Semenjak merantau ke Yogyakarta dan berkuliah di Universitas Gadjah Mada ada banyak hal baru yang saya pelajari. Mulai dari PPSMB Palapa, saya diajarkan bagaimana membangun mimpi. Disana saya dan teman-teman di gembleng bukan hanya sekedar mimpi, tapi juga BERMIMPI BESAR. Sebab di luar sana banyak orang yang mengecilkan mimpinya dengan alasan takut gagal, tidak sesuai kemampuan dan lain sebagainya, akhirnya mereka hanya memastikan bahwa mimpi mereka itu bisa diraih dengan mudah, tanpa usaha yang keras, ujung-ujungnya menjadi malas, dan pecundang. Selanjutnya di PPSMB Kesatria Fakultas Teknik saya dan teman-teman dididik bagaimana kita bersatu, berkolaborasi, bersinergi, untuk mewujudkan mimpi itu. Karena Indonesia dibangun tidak hanya melalui satu atau dua orang figur hebat, tapi anak-anak bangsa yang saling bersatu untuk menjawab segala macam tantangan yang ada di negaranya. Hal itu disimbolkan dengan penyusunan puzzle Tugu Teknik oleh semua mahasiswa baru

Kelompok PPSMB Suhardi Tjahyono 29 melakukan sesi foto-foto usai pemberian materi di Sekolah Vokasi
Setelah PPSMB selesai, seperti biasa saya mulai mengikuti berbagai macam rangkaian kegiatan perkuliahan. First Gathering, mengisi KRS, minta tanda-tangan dosen pembimbing akademik dan lain sebagainya. Minggu-minggu pertama kuliah, saya masih mencoba beradaptasi dengan lingkungan belajar yang baru. Guru baru, buku baru, suasana kelas yang baru, hingga teman baru. Apalagi kebanyakan dari mereka notebenenya berasal dari berbagai macam daerah, Sabang sampai Merauke. Bahkan kerap kali mereka menggunakan bahasa daerahnya dalam percakapan, membuat saya cukup sulit untuk berbaur. Ya mau tidak mau, yang bisa saya lakukan saat itu adalah listen, open minded, and respect. Ada sebuah pepatah yang mengatakan bahwa respect is not demanded, respect is earned. Penghormatan itu datang dengan sendirinya tanpa harus kita minta. Hukumnya sangat sederhana, hormatilah orang lain maka orang lain akan menghormatimu.

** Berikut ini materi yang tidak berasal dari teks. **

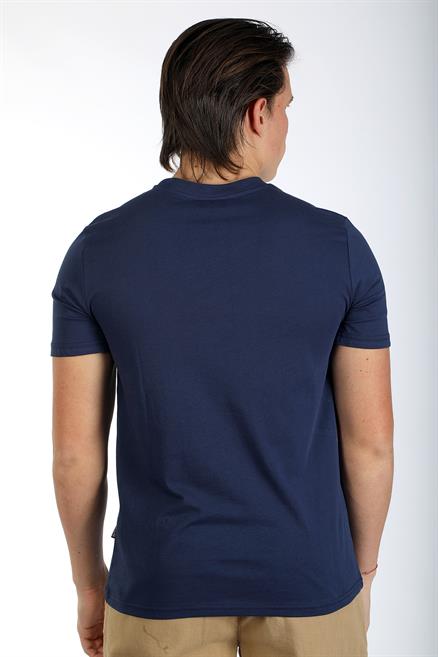 Cador Erkek %100 Pamuk O Yaka T-Shirt Lacivert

Kurang lebih dua minggu kemudian saya dan teman-teman mengikuti SKALA. SKALA adalah ospek jurusan antara Teknik Arsitektur dan Perencanaan Wilayah dan Kota, karena kami memang belajar di satu atap yakni Departemen Teknik Arsitektur dan Perencanaan. Aneh rasanya jika dalam satu atap kami tak saling mengenal. Oleh karena itu melalui ospek jurusan kali ini kami mulai mengenal satu sama lain, saling tenggang rasa, menyatukan perbedaan tanpa menghilangkan ciri khas kami sebagai mahasiswa arsitektur dan perencana. Hal itu terungkap dalam semboyan kami, Archiplan? Satu !

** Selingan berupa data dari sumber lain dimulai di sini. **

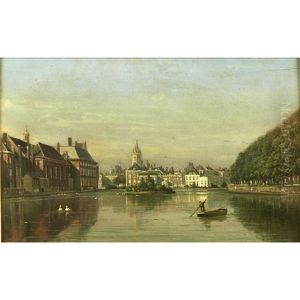 View Of The Hofvijver, The Hague View Of The Hofvijver, The Hague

Keakraban antara Aristektur dan Perencana
Kemudian khusus untuk prodi PWK itu sendiri saya dan teman-teman mengikuti suatu pelatihan yang disebut PPM (Pelatihan Perencana Muda). Kegiatan itu bermaksud untuk menyiapkan kami agar siap dan mampu menjalani kuliah selama empat tahun kedepan. Kami diajarkan skill presentasi, membuat powerpoint yang menarik, mengerjakan tugas essay dan paper. Setelah tugas dikumpulkan dan dinilai ada yang namanya sesi evaluasi. Tugas-tugas kami dipampang di layar kemudian kakak tingkat kami menunjukkan contoh-contoh tugas yang baik dan kurang baik. Tugas yang baik akan diberi apresiasi sementara tugas yang kurang baik harus memperbaikinya kembali. Disana mereka sangat kecewa karena ada beberapa dari kami yang melakukan plagiarisme. Mereka menyebutkan bahwa plagiarisme merupakan suatu yang amat menjijikkan bagi mahasiswa. Bagi siapa saja yang melakukannya mereka tidak akan segan-segan mencoret kertas kami.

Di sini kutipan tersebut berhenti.